Il est difficile de trouver un sujet qui puisse se maintenir aussi haut dans les questions d'actualité sur la durée autre que celui des migrations, notamment celles qui font venir les hommes d'Afrique pour venir s'échouer en Europe, terre promise malgré l'enfer qu'ils ont à traverser. Cette question de la détermination à rejoindre d'autres terres qui - à nos yeux - ne peuvent que contenir rejet et déception, à affronter les pires horreurs de l'exploitation de la misère humaine, à risquer sa vie pour un idéal fantasmé, à se déraciner complètement en sacrifiant amis et famille, me hante et m'interroge systématiquement. Quelle vie peut être pire chez soi pour préférer le sort d'un exil pareil, d'une traversée aussi risquée et d'un déracinement aussi profond?
Pour chercher à comprendre le mécanisme des migrations et, pour la plupart, se construire une morale permettant d'éviter de réfléchir à notre propre responsabilité, la question de l'Europe fantasmée à tort est un argument qui revient en permanence, comme une manière de poser la faute sur les acteurs de l'exil plutôt que sur l'exil en lui-même et son objectif. L'équation semble alors si simple: si ces malheureux ne partent pas ou n'aspirent plus à partir, ils s'éviteront à devoir affronter cette réalité que personne n'est prêt à regarder en face. Pourtant malgré les pactes multiples avec les autorités turques, hongroises, marocaines ou libyennes qui font avaler à l'Europe quantité de couleuvres, malgré la fermeture de la citadelle européenne et le renforcement des opérations de contrôle, malgré les méthodes les plus barbares et les plus inhumaines pour contenir le flot des migrants au bord de la Méditerranée, rien n'empêche ces hommes de partir. Pourquoi? Laurent Gaudé y répond probablement dans son ouvrage et, en tissant autour du mythe de l'Eldorado, sensibilise brillamment et avec poésie sur une cause de l'exil pour ramener un peu plus de noblesse à ces départs que les explications condescendantes des commentateurs qui présentent systématiquement les migrants comme des naïfs inconscients et donc responsables de leur propre sort.
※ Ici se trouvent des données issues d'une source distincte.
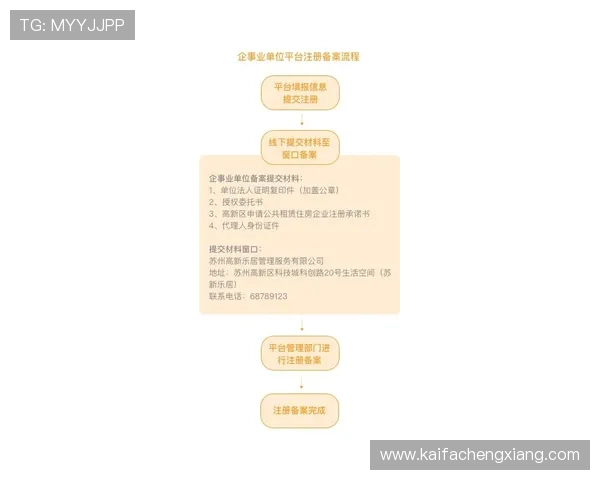 如何快速完成凯发在线注册流程确保账号安全 如何快速完成凯发在线注册流程确保账号安全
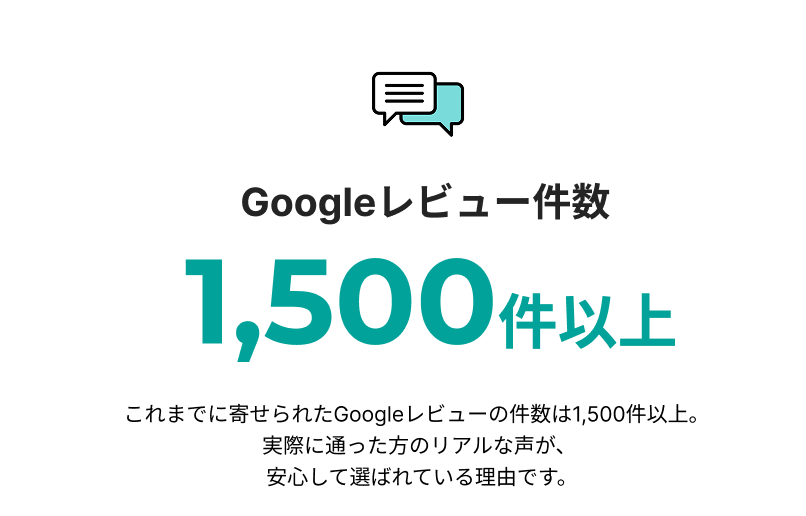 Googleレビュー件数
La structure très découpée du récit facilite la lecture et la compréhension d'un roman assez court. Le parallélisme des expériences éclaire un sujet finalement plus complexe que l'on pourrait le croire au premier abord. La force de cet ouvrage repose plus sur la psychologie des personnages, sur le questionnement à propos de l'exil plutôt que sur la réalité brute, aussi dure soit-elle, de ces expériences. Eldorado questionne avec beaucoup de profondeur notre propre humanité où que l'on soit et quel que soit notre rôle face à l'expérience des migrations, sans pour autant y apporter des réponses claires ni entretenir une idéologie quelconque, ce qui fait de ce roman un livre à promouvoir face aux faux raisonnements et à la morosité excluante dans laquelle semblent s'enfermer de plus en plus nos sociétés occidentales.